光と影のあじさい
紫陽花は雨に濡れて水滴にみずみずしく光っている姿が一番美しい…というイメージがずっとありました。
だから雨上がりが一番よくて、反対に、太陽が燦々と照るような晴れの日はちょっと干からびた感じになって、色もきつく反射してしまってよくないのかと思っていました…。
でも、ついこの間、少し気持ちの変わる出来事がありました。
曇り予報が出ていたのでちょうどいいかな、と思って出かけたのですが途中からきれいに晴れて、日差しがさんさんと照りつけてきました。
困ったな、あじさいも暑くてかわいそうだな、と思いながら見てみると、あじさいの子たちもだいぶまいっているらしく、葉の外側がちりちりとレース状になったり、花びらも少し色あせて、黄色や緑やピンクをおびたベージュ色など、普段見られない不思議な色に染まっていました。

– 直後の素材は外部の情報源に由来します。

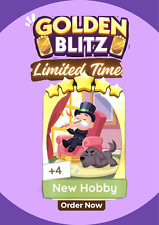 Monopoly Go 5 star Sticker/Card - Golden Blitz Event - New Hobby LIMITED TIME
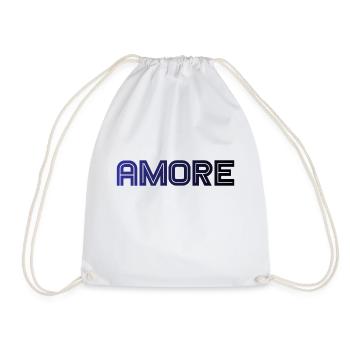 amore - Italia - Italy - Love Italian Love - Drawstring Bag - white - Front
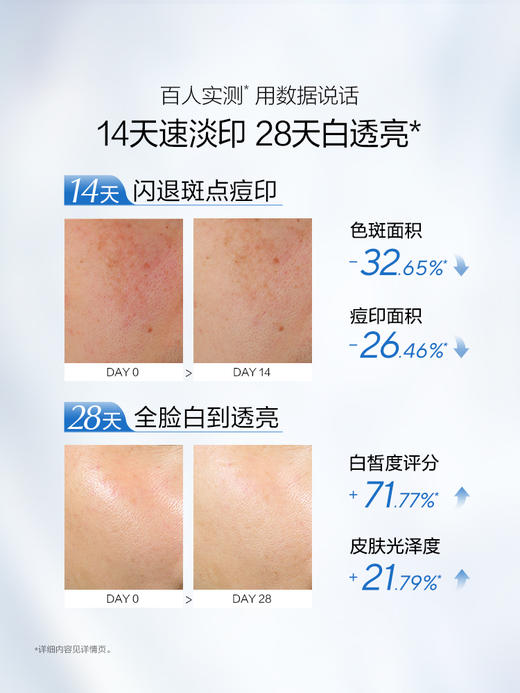 优选丨欧诗漫光耀钻白精华液 美去黄斑 提亮暗沉 哑光包装 商品图3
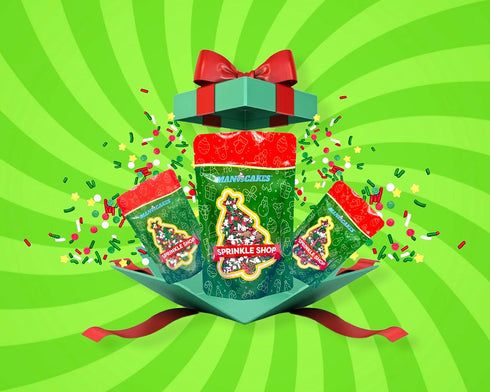 Elfin Around Christmas Sprinkle Medley | Holiday Cookie & Cake Sprinkles | 8 Ounce Bag | Manvscakes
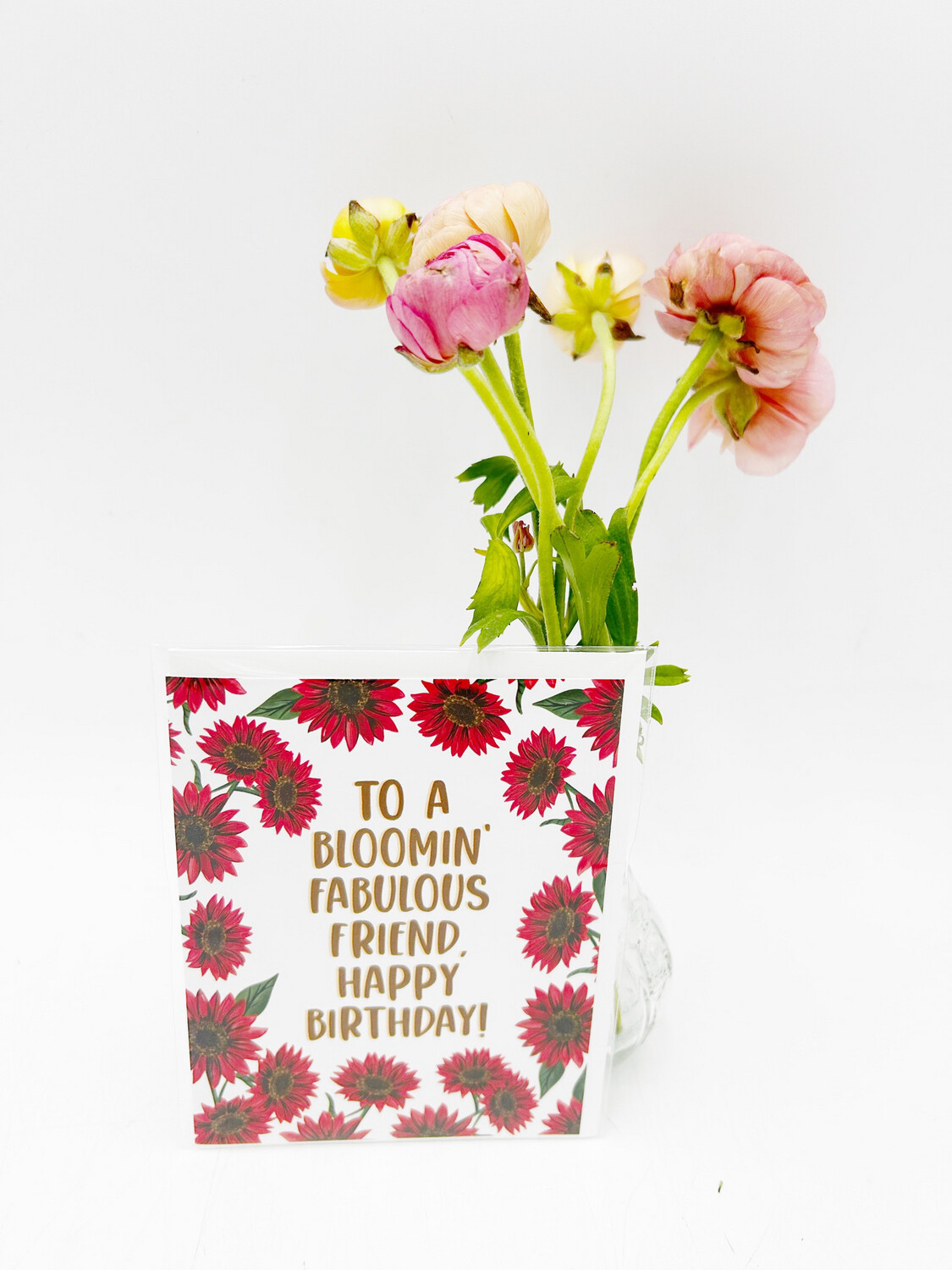 TO A BLOOMIN' FABULOUS FRIEND GREETING CARD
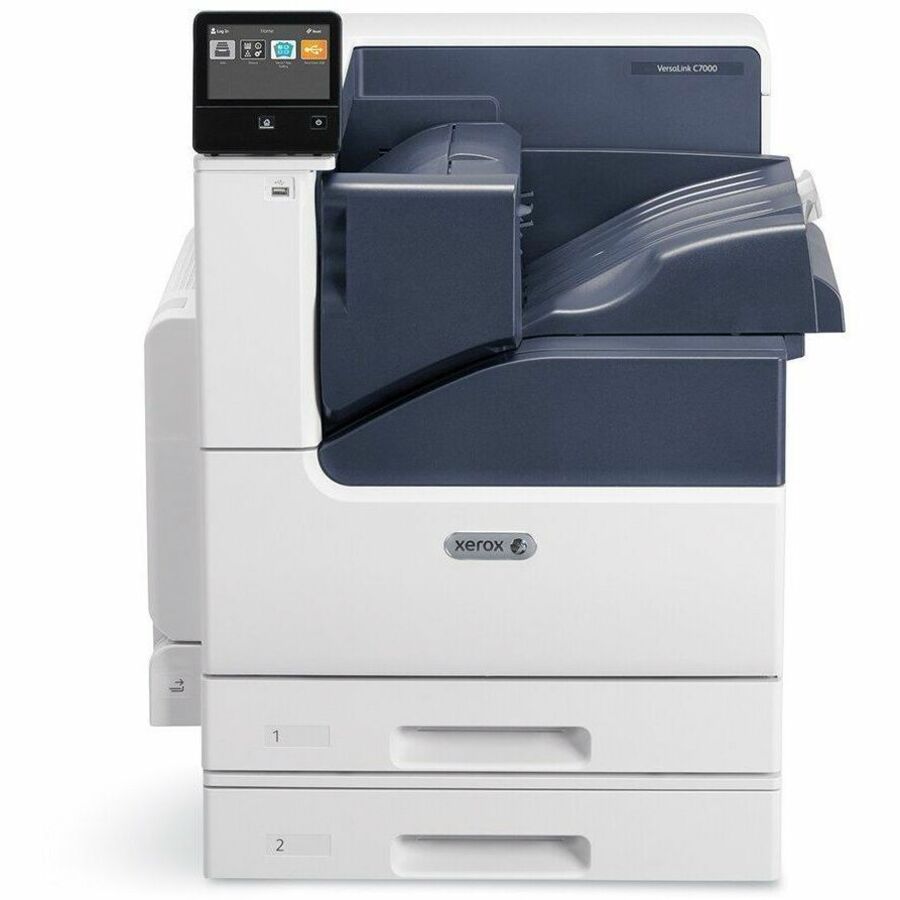 Xerox VersaLink C7000 Single Function Color Printer 35ppm. Duplex, 520 Sheet Standard Tray, 1200x2400 dpi Led, Postscript, 2GB 5 Inch Touch Screen User Interface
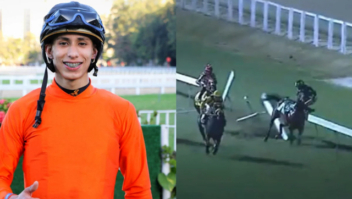Vídeo: Jóquei sofre grave queda durante corrida no Hipódromo da Gávea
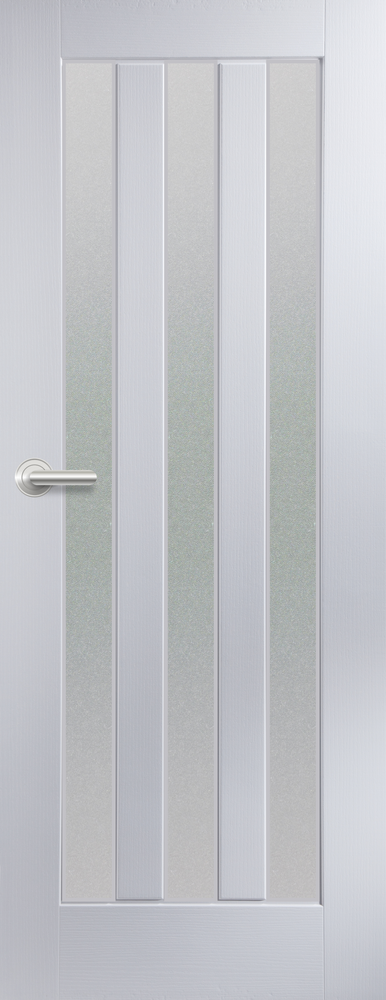 5 Panel Vertical Grained Newark - 3 Panel Glazed Door - FD30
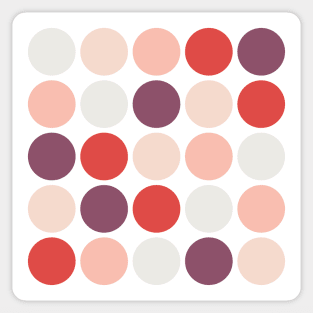 Colorful Polka Dots pattern Sticker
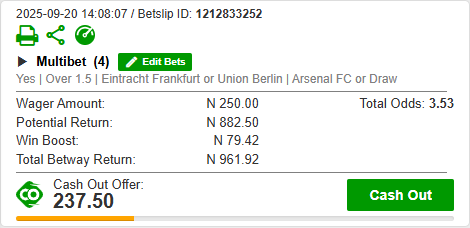 KaiserCashout's tweet photo. Ticket locked and rolling 🎯

Total Odds: 3.53
Potential Return: ₦961.92
Booking Code: X484A5DA4

#betway #betwaynigeria https://t.co/USUgEWa7nx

でも、そんな午後の強い強い日光の中で眺める光景は不思議な神秘的な感じに満ちていて、見つめているうちにだんだんと、ふだんイメージする紫陽花とは違う別の植物のような不思議な世界に魅せられていきました…。
雨の日にはやわらかく繊細に思える紫陽花の花びらは、強い日差しの中ではむしろ硬質で、アンティークレースのようなしっかりとした生地で作られているように思えました。
お別れの時期が近づきつつある頃の紫陽花は、むしろ透き通っていって透明な色に近づき、その繊細な花びらにうっすら浮かび始めたベージュ色のしみは、じっと見つめていると、あえてヴィンテージ加工をほどこしたリバティのレースやリボンのようにかわいらしく、みずみずしさを失って反り返り始めた花びらも、小さな無数の蝶々たちが集まっていて、今にも飛び立ちそうな光景に見えてきます…。
特にわたしが魅了されたのは、午後の強い光のコントラストの中で、深い影に彩られた紫陽花の花の美しさでした。
影絵のように、くっきりとした影が葉の上に描かれ、花びらのへりのちょっとくるっとなったところの丸みや、そりかえったり身を寄せ合ったりして作る、複雑な影が、まるでレース模様のように紫陽花というお花の不思議な形をくっきりと浮かび上がらせていました。
雨の日に出会える、しっとりとした優しい、はかなげな紫陽花も大好きなのですが、晴れた日の午後に眺める紫陽花はもっと強く、シックでアンティークな美しさに満ちていて、同じお花でこんなにも違った顔を見せてくれるのか、と、何だかうれしい気持ちになりました。